|Marketing students and Conservation Biology students stand on New Smyrna Beach after cleaning trash and garbage from a section of sand.|
|Marketing major Justin Bosco triumphantly displays a bag of trash.|
It’s a powerful behavior they hope to influence some day as marketing professionals, but it’s not always pretty.
Despite years of green marketing efforts by government and business aimed at changing behavior, students found beer cans, food wrappers, beach toys, bottle caps and hundreds, even thousands, of cigarette butts.
“It showed that some people do not care about the environment and will leave trash wherever they want,” said Kerry Burke, a junior Marketing major from Atlantic City, N.J.
“I don’t think they truly understand the impact they are having on the environment when they leave their garbage,” said senior Lyllique Roman of Kissimmee, a Sport Management major who is minoring in Business and Marketing.
“Until people start changing their habits and realizing the implications of their actions, trash will continue to be a problem,” said Justin Bosco, a junior from Vero Beach majoring in Marketing and Management. “Most of the items I found on the beach could have easily been disposed of if the people that left them weren’t so careless.”

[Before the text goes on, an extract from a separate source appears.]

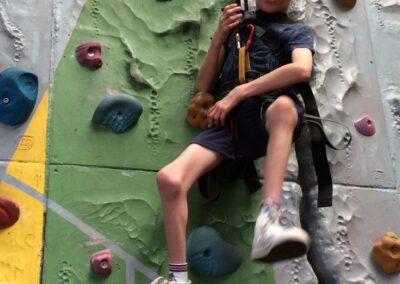 Harrison attends Kids Camp Holiday Club and enjoys rock climbing.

|Liz Harting, center, records the trash that Nina Laureano, left, and Alex Dobbs drop in the bag. Harting and Dobbs are Marketing students and Laureano is a Family Enterprise major.|
Understanding the basic concepts and theories of consumer behavior and how that knowledge helps shape marketing strategies is the focus of Consumer Dynamics (MKG 316), a course taught this fall by Dr. Michelle DeMoss who used “green marketing” with a water theme to demonstrate the concepts.
“Green marketing is a powerful trend in the global marketplace,” said DeMoss, chair of the Marketing Department. “It illustrates the broader definition of marketing in that it demonstrates the importance of weighing the impact of marketing decisions on customers, clients, partners, and society at large.”
DeMoss structured the course to support the goals of the Stetson GREEN program, using interdisciplinary activities and speakers that complemented study being done by Dr. Kirsten Work’s conservation biology students in the College of Arts & Sciences. Both professors’ students participated in the beach cleanup and shared speakers. One was Malissa Dillon, assistant director of Communications and Governmental Affairs at the St. Johns River Water Management District who visited classes in September.
Dillon is a marketer in the business of conserving and managing water, which depends greatly on consumer behavior, she told students.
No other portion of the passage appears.